Ask Amy: I don’t believe in same-sex weddings

Dear Amy: I recently discovered that my husband was messaging and talking to three women through the dating portion of Facebook.

I saw messages on his phone from one woman. I also noted that he had a phone call with her that lasted for 44 minutes.

I confronted him about this and he said he was trying to learn how to communicate – and that he was not cheating.

I decided that if he thought this was OK, then it should be OK for me, too.

I started my own profile in the dating portion of Facebook.

My husband did not like the attention I was getting, and he shut down his activity and ended all communication with other women. I also ended mine.

We have a great intimate relationship, but I’m still hurt and I don’t trust him.

We have been through a lot over the past 28 years.

Do you have any advice?

– Feeling Betrayed

Dear Feeling Betrayed: Well, it looks as if your husband learned how to communicate.

You received his message – loud and clear – and sent him back a message of your own.

I think it would be great if you two actually put your messages into words.

You might start by sending him a private message on your favorite social media platform, sincerely inviting him to an intimate dinner. You might even use the terrifying phrase, “Honey, we need to talk.”

And then do that. Talk.

You two have been playing a fairly dangerous game, daring one another and leveraging your long and loving relationship in the process.

I suggest that you reveal to him how this episode has made you feel. Talk about your feelings, and invite him to talk about his feelings.
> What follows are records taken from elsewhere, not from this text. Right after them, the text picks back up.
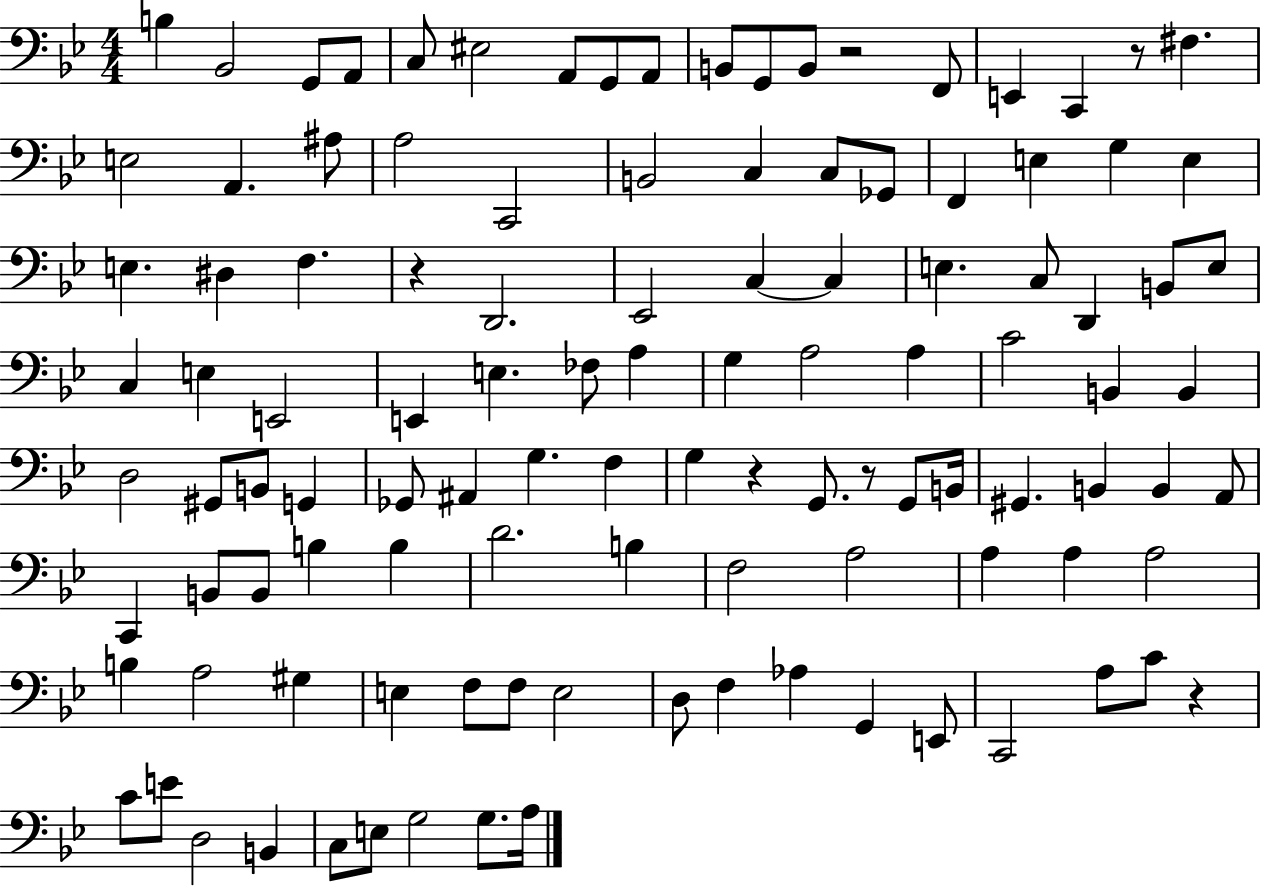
{
  \clef bass
  \numericTimeSignature
  \time 4/4
  \key bes \major
  \repeat volta 2 { b4 bes,2 g,8 a,8 | c8 eis2 a,8 g,8 a,8 | b,8 g,8 b,8 r2 f,8 | e,4 c,4 r8 fis4. | \break e2 a,4. ais8 | a2 c,2 | b,2 c4 c8 ges,8 | f,4 e4 g4 e4 | \break e4. dis4 f4. | r4 d,2. | ees,2 c4~~ c4 | e4. c8 d,4 b,8 e8 | \break c4 e4 e,2 | e,4 e4. fes8 a4 | g4 a2 a4 | c'2 b,4 b,4 | \break d2 gis,8 b,8 g,4 | ges,8 ais,4 g4. f4 | g4 r4 g,8. r8 g,8 b,16 | gis,4. b,4 b,4 a,8 | \break c,4 b,8 b,8 b4 b4 | d'2. b4 | f2 a2 | a4 a4 a2 | \break b4 a2 gis4 | e4 f8 f8 e2 | d8 f4 aes4 g,4 e,8 | c,2 a8 c'8 r4 | \break c'8 e'8 d2 b,4 | c8 e8 g2 g8. a16 | } \bar "|."
}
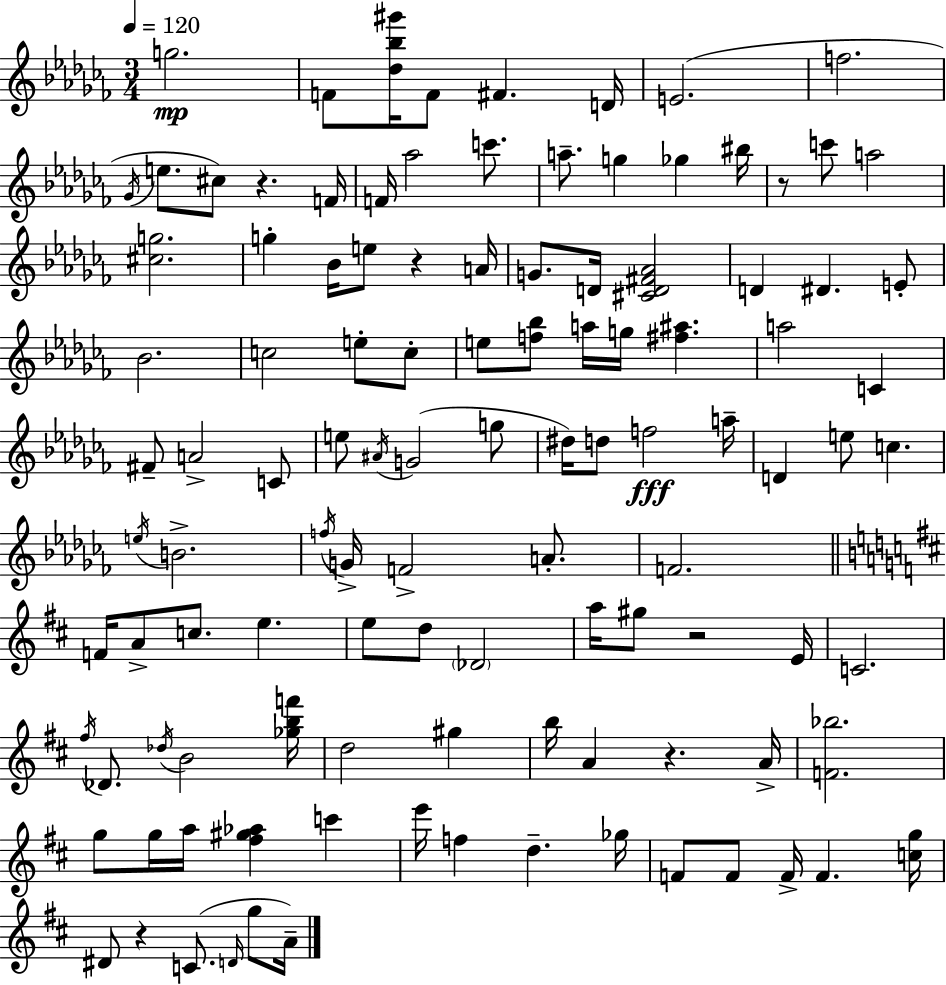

If you two can’t break through and have an honest, intimate conversation revealing your feelings about your own lives (and your feelings toward each other), couples counseling would help to give you the tools to talk.

I hope you’ll approach this episode as offering the potential for a relationship reboot. This could be the beginning of a new and positive phase.

Dear Readers: After 21 years spent writing my daily column, I have decided to leave this space; my last column will run at the end of the month. Interested readers can find me on Amydickinson.com, and read my newsletter at Amydickinson.substack.com.

In advance of my departure, I’m rerunning some “vintage” Q&A. The following is from 2017.

Dear Amy: I am very close with my oldest sister. Her daughter is planning to marry a woman many years younger than her.

I don’t believe in same-sex weddings, nor do I have any desire to attend this wedding.

My children feel the same way.

The wedding is out of town, with many expenses involved.

I hate to travel and have many obligations in town, including owning my own business.

Amy, my sister is not taking “No” for an answer!

How do I get out of this wedding without creating a rift in our relationship?

– Want to Stay Peaceful

Want to Stay Peaceful: I gather that you have already offered up all of your various excuses, and so now all you have left is the truth: You don’t want to go to this wedding because you refuse to attend a same-sex wedding ceremony.

And so first, a public service announcement about excuses: When you make one, you really need to commit to it. Lean in! Think Al Pacino in “Scent of a Woman,” or Meryl Streep in, well, anything.

Because you seem to be throwing various excuses at the wall in hopes that one will stick, I’m concluding — and your sister will, too — that you are flailing around, trying to obscure your own truth, which is that you hold a particular prejudice, but you seem too embarrassed to own it.

Because this is your truth, and because your beloved sister’s truth is that she loves and accepts her daughter, there is no way you can get out of this wedding without creating a rift.

You can only hope that your sister is more tolerant of your truth than you are of hers, and that she will forgive you.

Dear Readers: I’m delighted to make way for your newest advice-giver: R. Eric Thomas, whose “Asking Eric” column will continue to foster the engaging relationship we’ve shared. Eric is young, smart, and a talented advice-giver — formerly of the Dear Prudence column.